Certains témoins précisant par ailleurs que l’ex-présidente du RN était « la décisionnaire principale in fine », et qu’elle « supervisait l’utilisation des crédits ».

Dès 2009, elle a ainsi demandé à un responsable du parti de rationaliser la gestion des enveloppes des assistant·es parlementaires. Et en 2014, le trésorier du parti lui adressait le courriel suivant : « Dans les années à venir et dans tous les cas de figure, nous ne nous en sortirons que si nous faisons des économies importantes grâce au Parlement européen et si nous obtenons des reversements supplémentaires. »

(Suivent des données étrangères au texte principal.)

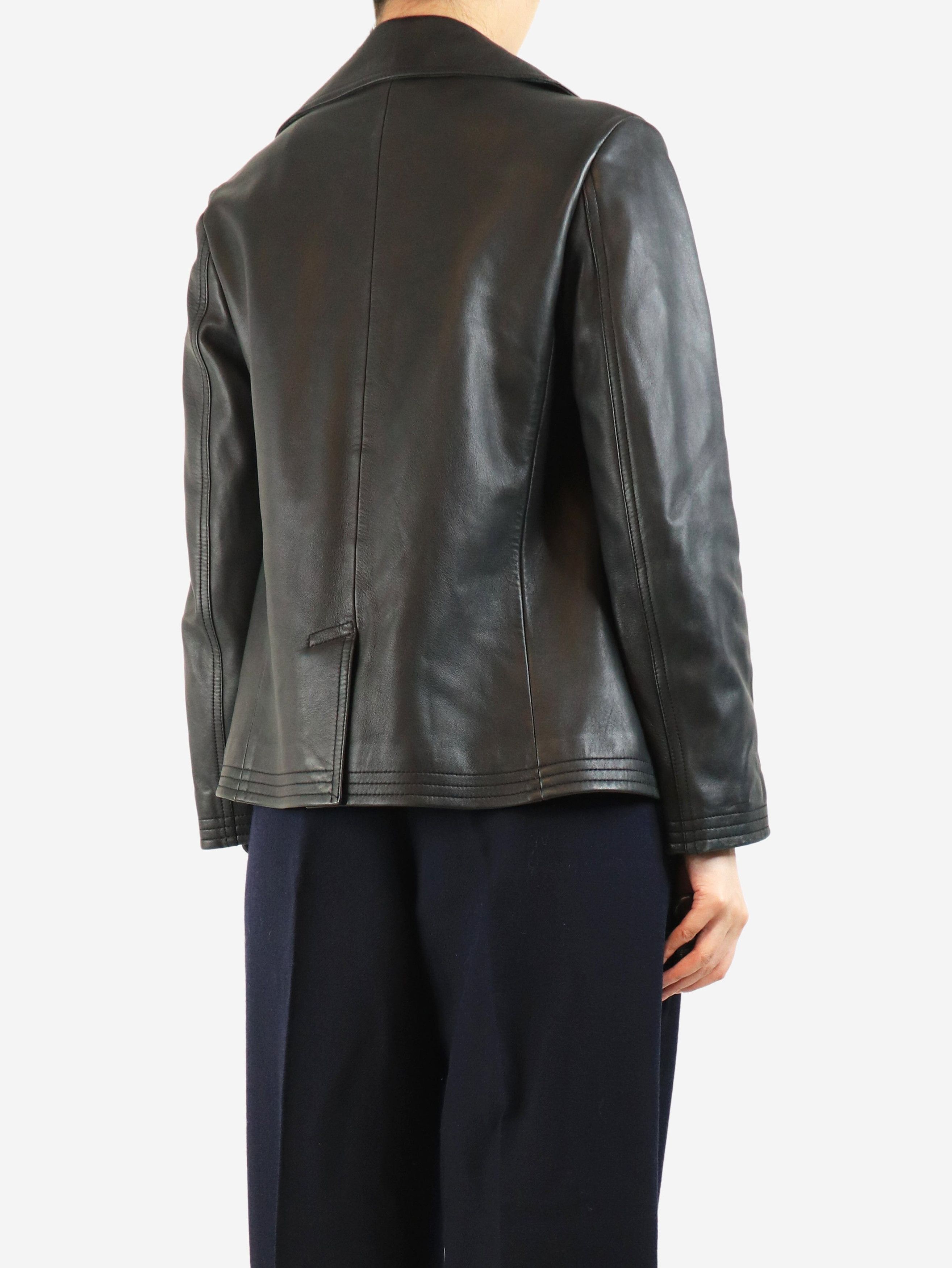 Balenciaga Black double-breasted leather jacket - UK 8 Size S / US 4 / IT 40 - 3 Thumbnail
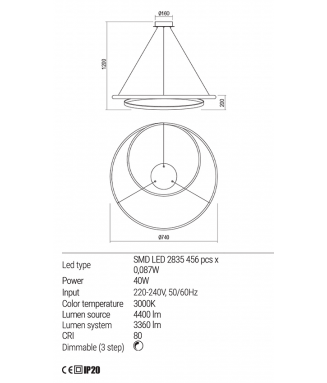 Torsion Pendant D-74cm Bronze 40W LED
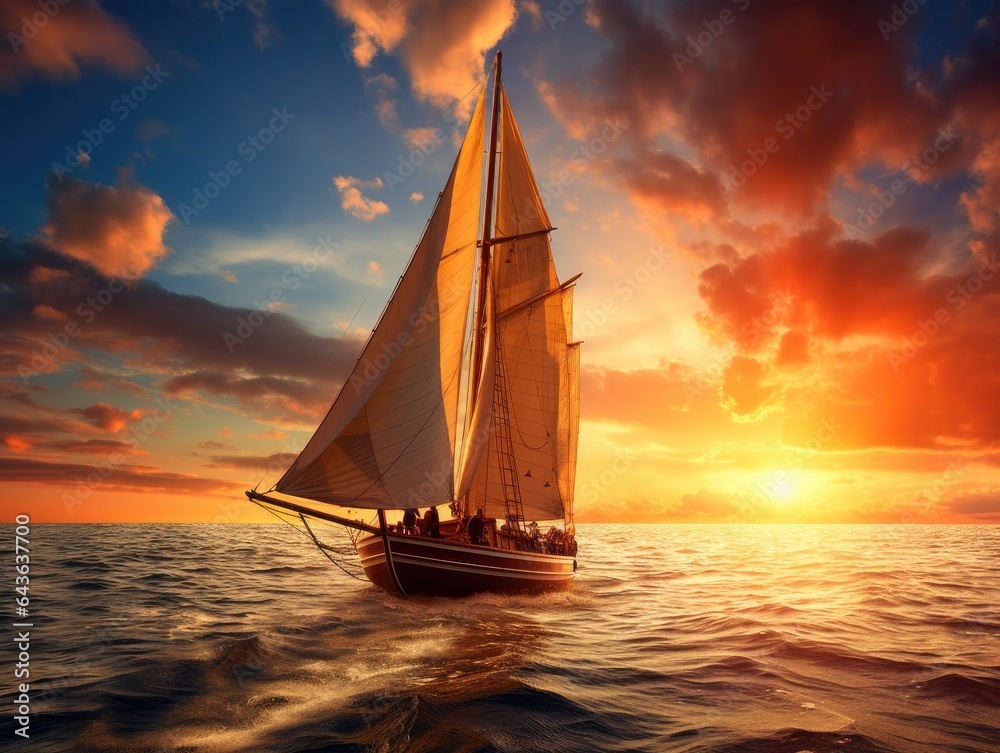 Sailing boat on the sea at sunset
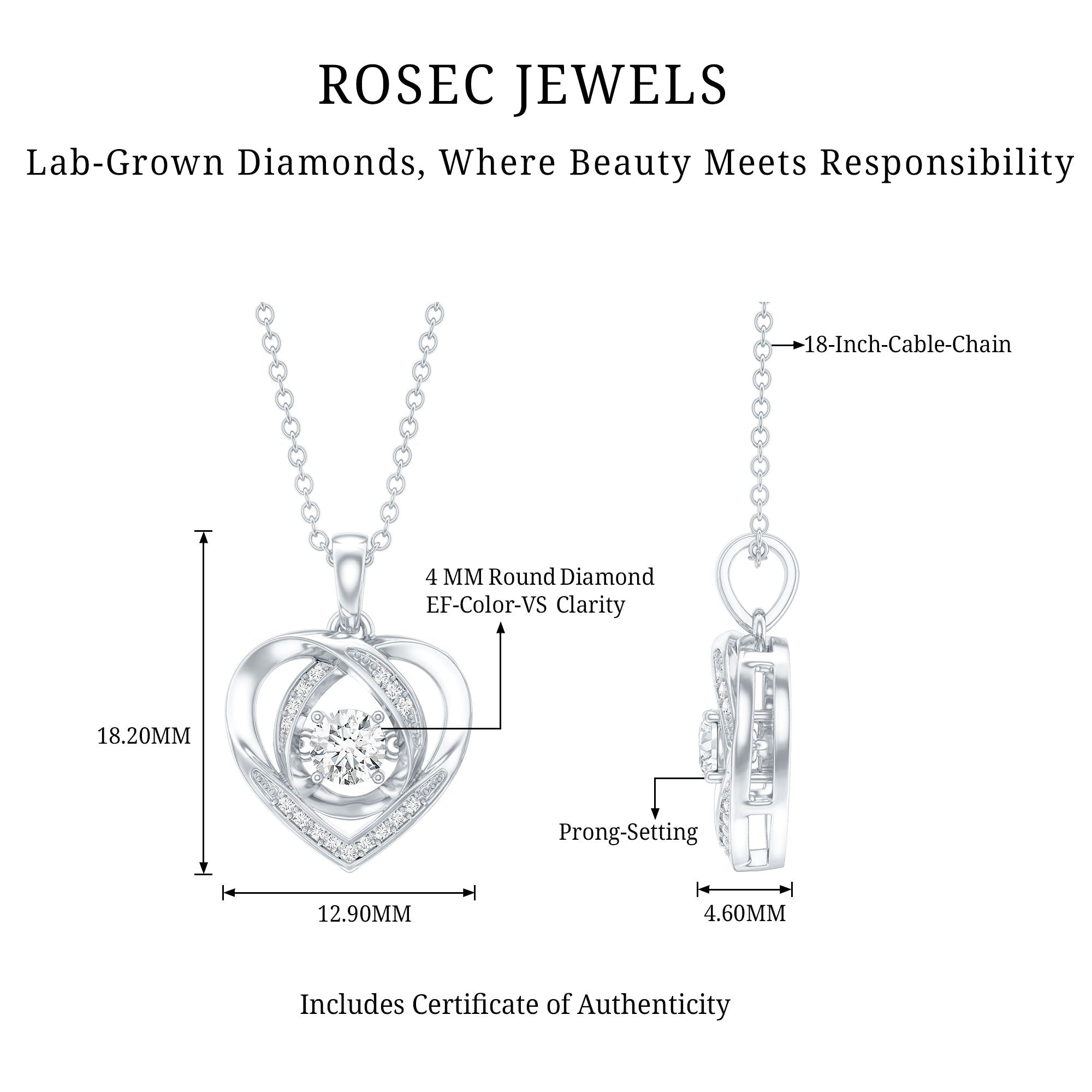 Certified Lab Grown Diamond Heart Pendant Necklace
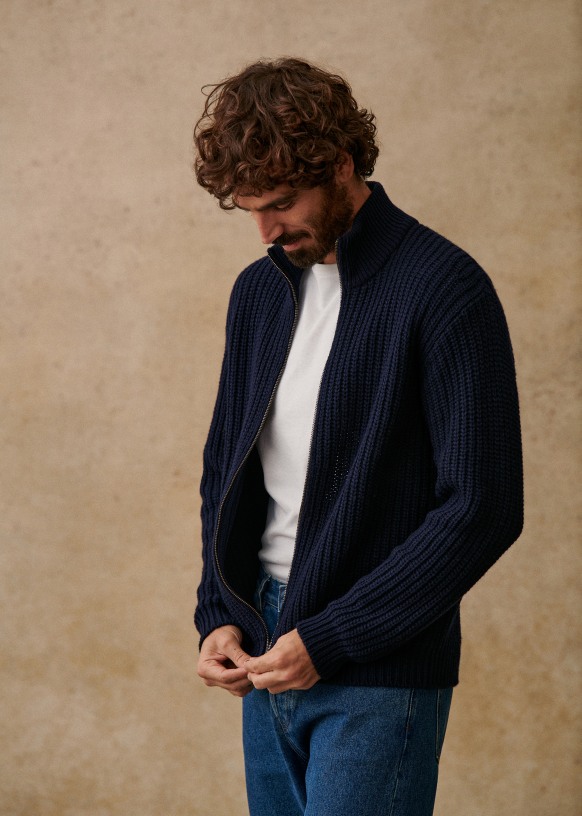 Matteo Cardigan - Navy - Recycled wool - Octobre Éditions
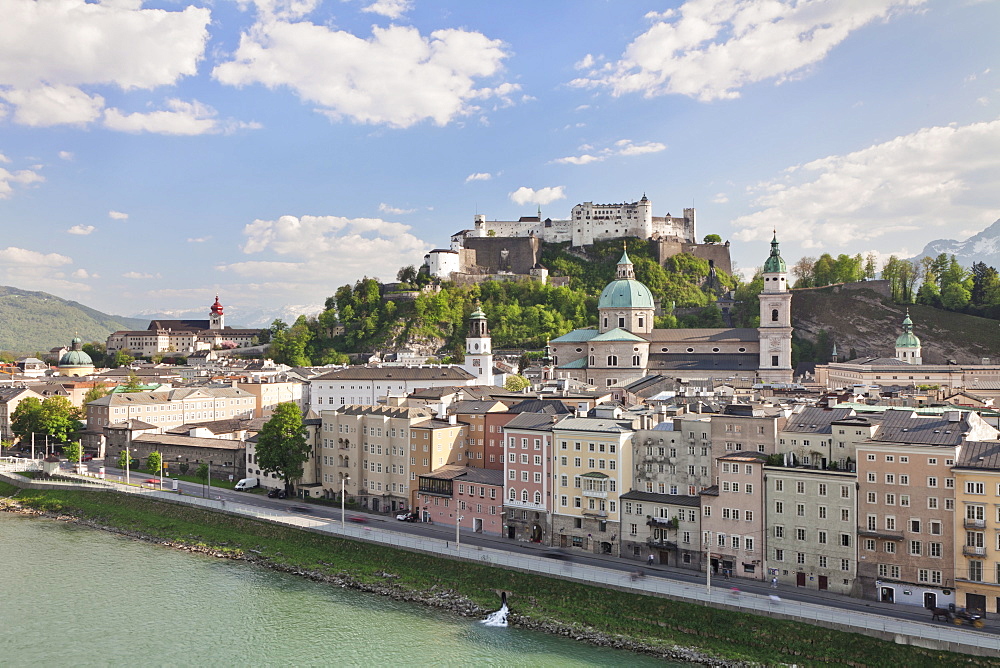 High angle view of the old town with Hohensalzburg Fortress, Dom Cathedral and Kappuzinerkirche Church, UNESCO World Heritage Site, Salzburg, Salzburger Land, Austria, Europe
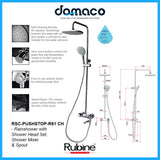 Rubine RSC-PUSHSTOP-R61-CH Rain Shower Set with Hand Shower and Shower Mixer in Chrome domaco.com.sg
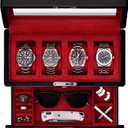 ROTHWELL 4-Slot Piano Black Watch Box with Valet Drawer - Premium Jewelry Display Case Organizer with Locking Glass Top and Microsuede Liner for Men & Women (Red Interior)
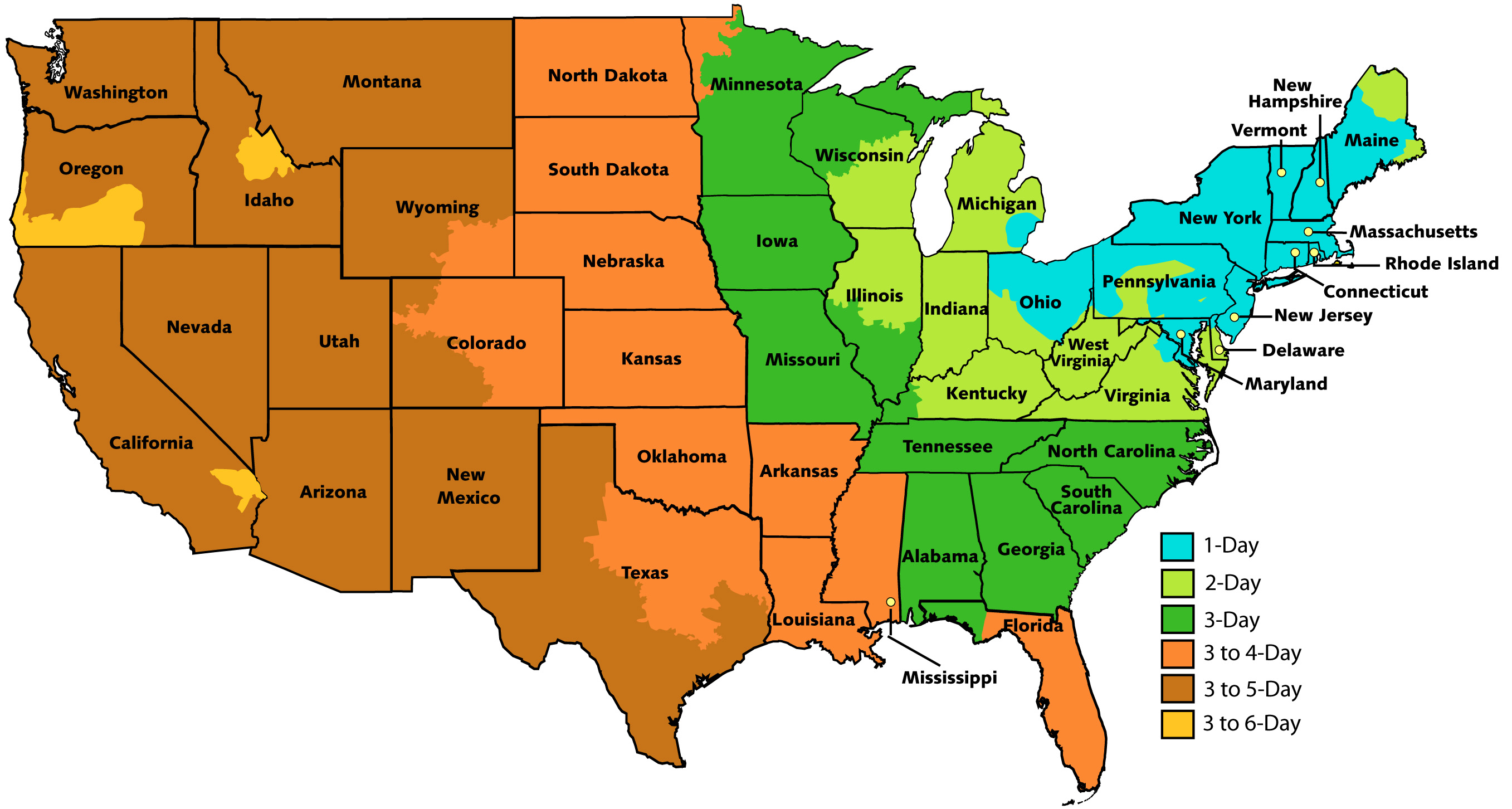 Hyatts Shipping Map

Pour sa défense, le RN, qui conteste depuis le début de l’affaire tout emploi fictif et tout système frauduleux, a régulièrement brandi le spectre d’un « complot politique » et de « règlements de comptes ». Adoptant elle aussi une défense très politique et assez agressive, Marine Le Pen avait pourfendu pendant le procès le travail des enquêteurs et des juges d’instruction, en réfutant avec force l’existence d’un système frauduleux au sein de son parti.

La fille de Jean-Marie Le Pen avait répété que les assistant·es parlementaires du FN puis du RN avaient été « mutualisés », et pouvaient effectuer plusieurs tâches à la fois en toute légalité. Sentant que les débats ne lui étaient pas favorables, l’ancienne présidente du RN avait déjà mis en doute l’issue d’un procès, qu’elle trouvait injuste. « J’ai le sentiment que tout ce qui est dit à décharge est écarté comme une gêne. Ça m’a un peu déstabilisée », déclarait-elle le 5 novembre, à la fin des débats.